Omit the pictures and copy the entries exactly.

* * * * * * * * *

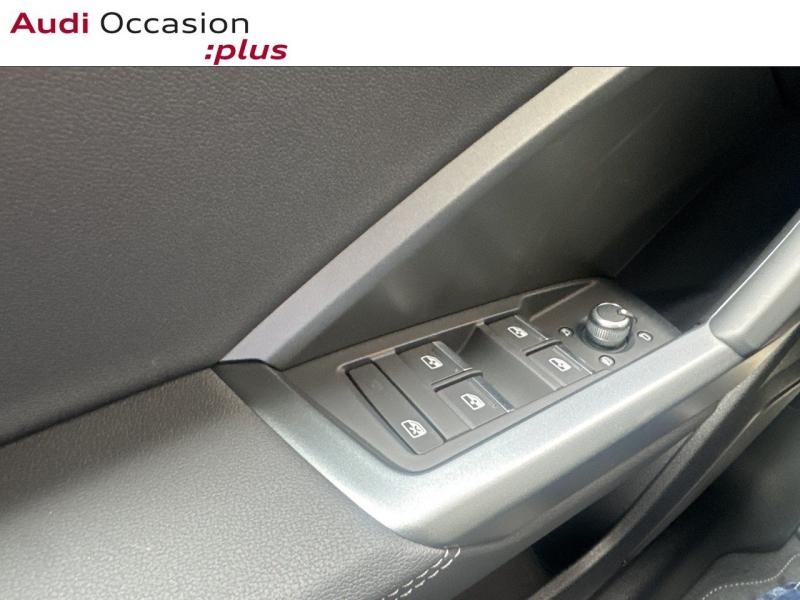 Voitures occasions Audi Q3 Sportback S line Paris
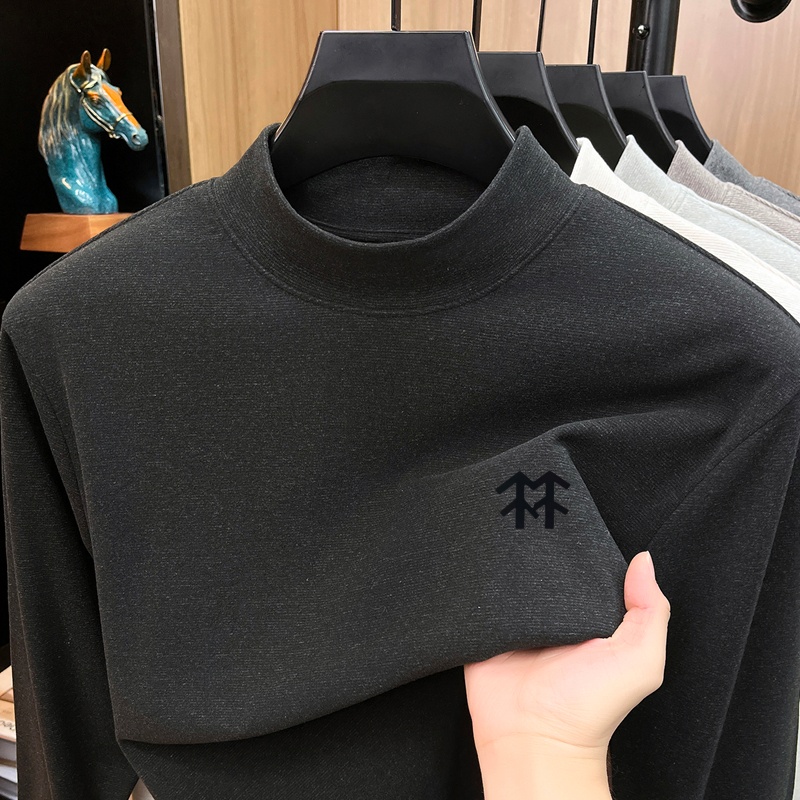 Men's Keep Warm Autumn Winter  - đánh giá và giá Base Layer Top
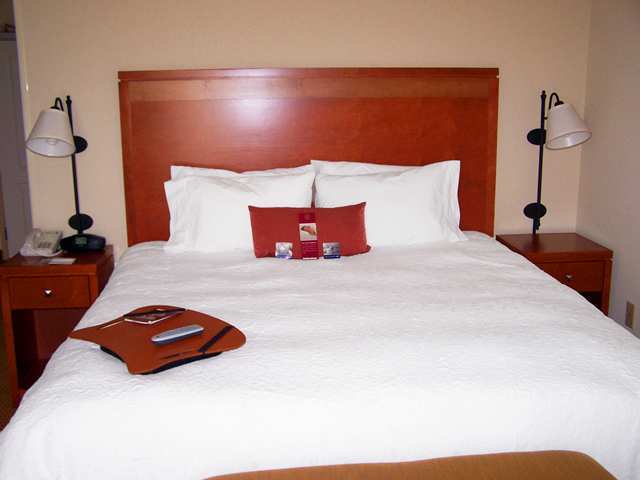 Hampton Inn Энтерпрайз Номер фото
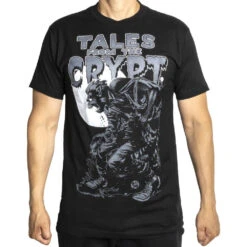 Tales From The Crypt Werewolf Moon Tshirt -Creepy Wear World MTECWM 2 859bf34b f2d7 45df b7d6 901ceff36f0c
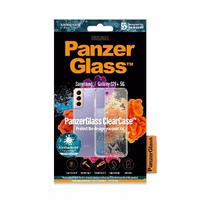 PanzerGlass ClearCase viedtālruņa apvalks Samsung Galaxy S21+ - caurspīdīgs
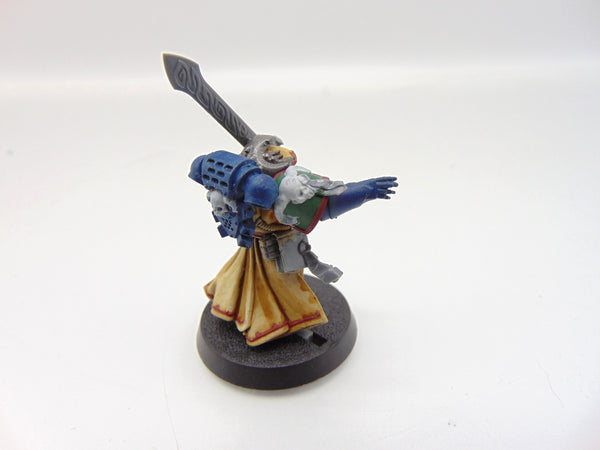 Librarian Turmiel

* * * * * * * * *

Task output
 Voitures occasions Audi Q3 Sportback S line Paris
 Men's Keep Warm Autumn Winter  - đánh giá và giá Base Layer Top
 Hampton Inn Энтерпрайз Номер фото
 Tales From The Crypt Werewolf Moon Tshirt -Creepy Wear World MTECWM 2 859bf34b f2d7 45df b7d6 901ceff36f0c
 PanzerGlass ClearCase viedtālruņa apvalks Samsung Galaxy S21+ - caurspīdīgs
 Librarian Turmiel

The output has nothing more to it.